Historical Climate Change, Weighing Galaxies, Great Lakes Water Rights. April 27, 2018, Part 1
It’s not uncommon these days to hear scientists and journalists say that our planet is experiencing record-setting temperatures due to climate change. But they’re talking about a small part of Earth’s history—human history. The story of the earth’s climate contains much more than what human beings have recorded. In their new book, Weather: An Illustrated History, longtime climate reporter Andrew Revkin and co-author Lisa Mechaley track the incredible range of climate history. They condense that history—from the formation of Earth’s early atmosphere to the invention of temperature, the tracking of tornados and the discovery of greenhouse gases—into a digestible timeline of 100 weather-related events.
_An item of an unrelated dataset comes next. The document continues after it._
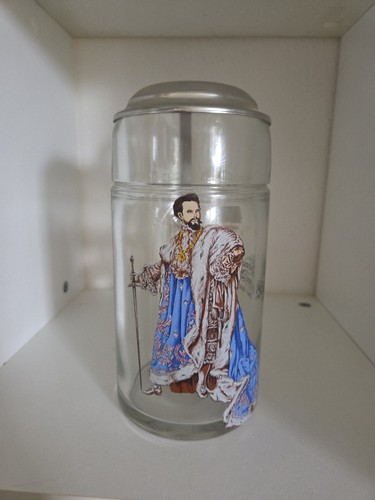 Bierkrug aus glas mit - aus,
Science Friday is partnering with citizen science platform Zooniverse to help a team of astrophysicists identify galaxies showing an astronomical phenomenon known as gravitational lensing. Gravitational lensing occurs when the light coming from a galaxy, quasar, or other bright object is bent and distorted by a massive object in front of it, giving the light the appearance of passing through a “lens,” like how an image appears through a magnifying glass. These lenses are rare, but incredibly neat. So, a gravitational lens essentially allows us to weigh a galaxy. Pretty cool, right? But, we need your help to find more lenses! With the aid of the citizen science website Zooniverse, everyone can take part in this real, cutting-edge area of research. You can help contribute to making a real discovery!
Plus, on this week's State of Science, Foxconn's Lake Michigan bid raises questions about interpreting a young law—when water is public and when it isn't.